Crossfire: A Tribute to Stevie Ray

(Blues Bureau Int’l)
by Jon Sarre

When Stevie Ray Vaughan departed this world for the hottest circle of hell (where he is currently undergoing horrible and unspeakable tortures at the hands of Howlin’ Wolf, Sonny Boy Williamson and Robert Johnson for crimes relating to spiffy guitaritude and whitewashing the blues), I had the satisfaction of knowing my fervent prayers were finally heard (now if we could only do something about Joe Satriani…). Needless to say, it was great to be rid of the guy. Unfortunately, I hadn’t counted on the fact that the guy had a buncha fans or friends or somethin’, and they’re hell bent on conspiring to start some kind of sicko death cult with these fucking tribute albums.

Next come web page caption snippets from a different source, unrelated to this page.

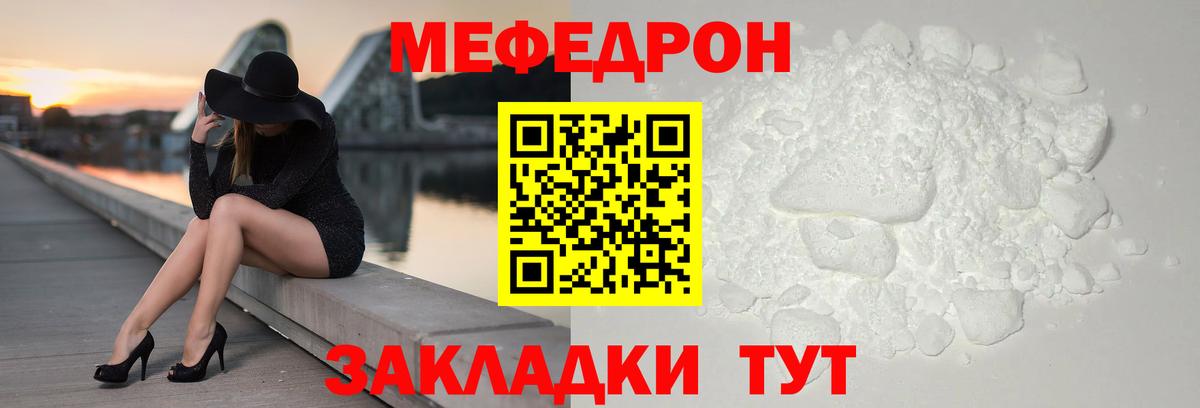 цена наркотик  Мефедрон  Ртищево  Вход с VPN  Меф 4 MMC  МЯУ-МЯУ 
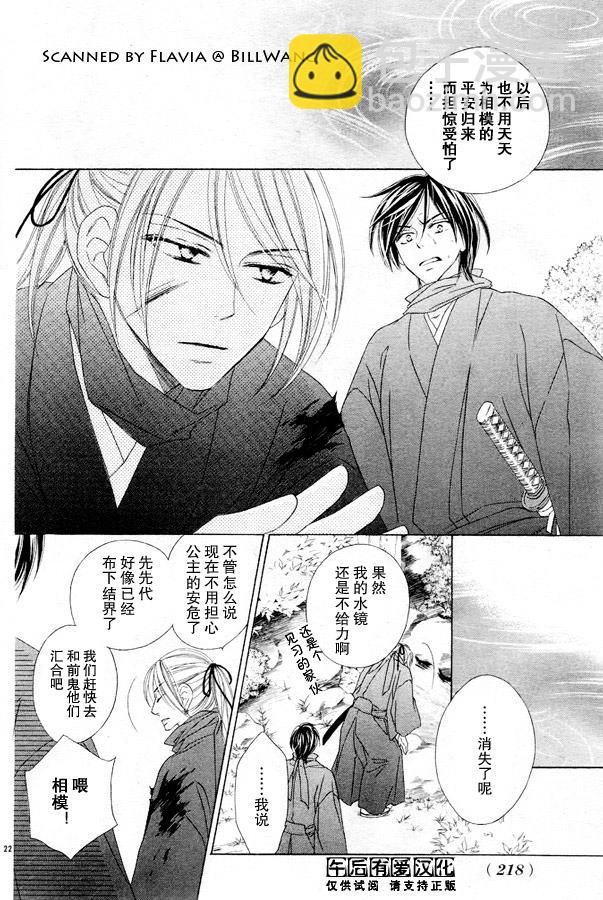 黑鳥戀人(BLACK BIRD) - 第44話 - 1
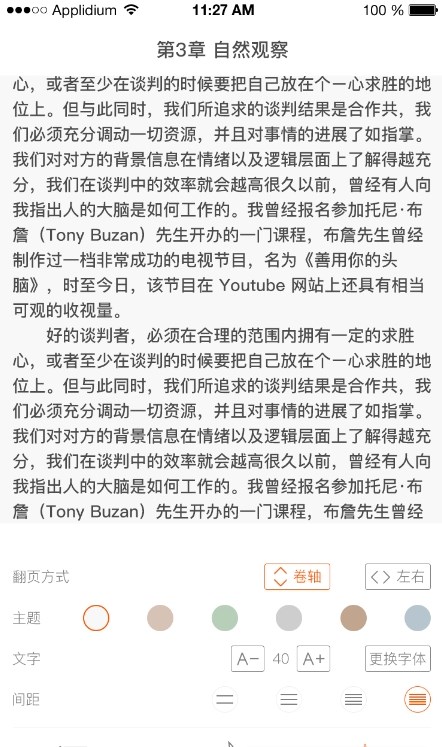 人衛(wèi)助手醫(yī)學(xué)題庫(kù)APP版截圖3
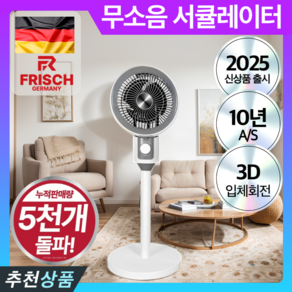 독일 프리히 무소음 서큘레이터 8인치 3D 사계절용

There’s even gonna be a movie coming out (Scene: A guitar shop. A young Stevie Ray completes a technically flawless rendition of “Wonderbread Blues.” Onlookers applaud appreciatively. Female Onlooker: “Who-ee! You shure kin play that there gee-tar, boy!” Stevie Ray: “Thank you.” [Smiles] Cut to…).

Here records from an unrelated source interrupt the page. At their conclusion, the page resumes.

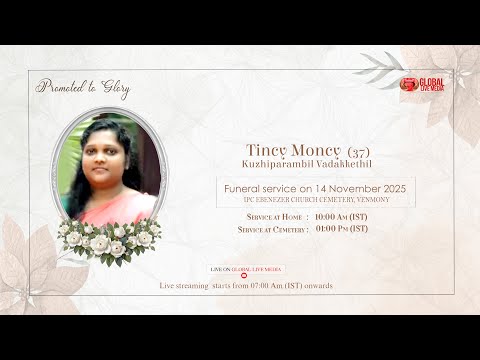FUNERAL SERVICE || TINCY MONCY (37) || KUZHIPARAMBIL VADAKKETHIL || VENMONY || 14/11/2025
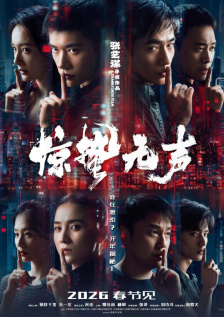 《玻璃之心》曝剧照 佐藤健、苏打对唱2025-07-25 《玻璃之心》曝角色预告 佐藤健、宫崎优共撑一伞2025-07-14 佐藤健、志尊淳你选谁？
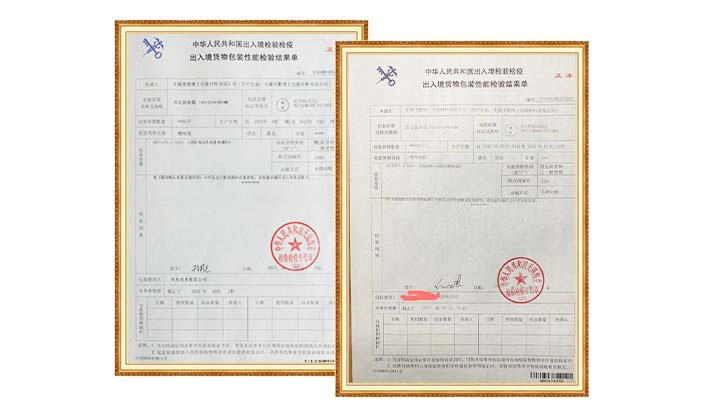 危包證管理加強(qiáng)，危險(xiǎn)品包裝行業(yè)迎來(lái)新挑戰(zhàn)與機(jī)遇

I don’t want to dwell on the cruel injustice of a “major motion picture biography” where the only possible moral could be “You should’ve taken the bus instead,” especially when any and all Johnny Thunders-related bio-pics are collecting dust on some producer’s desk somewhere, not when it took five tries to get this disc to play in my CD player (ah, technology!). Let’s see here, for personnel, we’ve got Steve Stevens (wasn’t he in Def Leppard? No, that guy’s dead.), Steve Morse (is he the same jerk who rock crits for The Boston Globe?), Albert “Steve” Lee (he played at Woodstock, y’know), Stanley “Steve” Jordan, Walter “Steve” Trout and a buncha other guys named “Steve” (but not Steve Vai, Steve Albini, or Steve Garvey) playing Stevie Ray Vaughan songs. You could even call it a “Tribute Record!” Needless to say, everyone plays really swell. Perfect, like a Xerox copy, which makes it a copy of a copy (of a copy of a copy). Therefore this record is so far removed from reality that it was never recorded or released. Thus, this record never existed, nor will it ever exist. Same goes for Stevie Ray, me, you and this magazine.